The past year-and-a-half, though, has been defining (as in the proverbial wrench thrown into the works) career-wise, as so much of my freelance client work moved and stayed inhouse, changing my landscape. And with the art of print copywriting now more the biz of content blasts, it seems that I’ve reached a crossroads. My previous working life sort of behind me, it’s time to choose my next steps.

In one direction, the dreaded “r” word – retirement. I can’t look at that word without flinching, to be honest (too many parent-generation stereotypes of early-bird specials and leisure suits), even though I realize that so many of my friends have retired from incredibly successful careers into a new chapter.

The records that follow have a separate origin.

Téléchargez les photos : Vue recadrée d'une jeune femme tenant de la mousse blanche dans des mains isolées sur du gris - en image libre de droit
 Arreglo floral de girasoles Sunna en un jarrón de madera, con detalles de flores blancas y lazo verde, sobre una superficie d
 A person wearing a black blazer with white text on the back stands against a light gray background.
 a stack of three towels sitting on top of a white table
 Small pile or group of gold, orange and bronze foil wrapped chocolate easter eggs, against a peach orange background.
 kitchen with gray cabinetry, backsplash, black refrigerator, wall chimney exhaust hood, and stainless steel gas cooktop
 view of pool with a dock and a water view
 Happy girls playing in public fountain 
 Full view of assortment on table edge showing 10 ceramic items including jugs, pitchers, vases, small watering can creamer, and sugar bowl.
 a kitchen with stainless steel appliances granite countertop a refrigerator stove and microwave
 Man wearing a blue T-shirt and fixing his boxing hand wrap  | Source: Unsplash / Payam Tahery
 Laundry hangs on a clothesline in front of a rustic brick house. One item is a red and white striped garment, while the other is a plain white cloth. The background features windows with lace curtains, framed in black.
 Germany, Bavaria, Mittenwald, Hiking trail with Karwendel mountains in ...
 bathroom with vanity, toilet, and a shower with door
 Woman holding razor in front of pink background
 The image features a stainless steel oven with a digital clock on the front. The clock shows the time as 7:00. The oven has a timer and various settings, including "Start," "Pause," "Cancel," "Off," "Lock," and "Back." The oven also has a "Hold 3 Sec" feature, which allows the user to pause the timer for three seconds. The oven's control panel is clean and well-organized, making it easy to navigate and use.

Different, yes, but full and active and meaningful. But the word – uh, no.

In another direction, the a-little-too-pie-in-the-sky-for-me “r” word – reinvention. The pressure of that word is way too much – and besides, I don’t want to change to the point of reinventing my wheel (although it would be nice if the wheel ran a little more smoothly, I’ll admit). So that leaves me, a person who thrives on words, with the task of coming up with a new one to suit this stage of my life (and, as someone who thrives on wordplay, I feel obligated to come up with one that starts with the letter “r”).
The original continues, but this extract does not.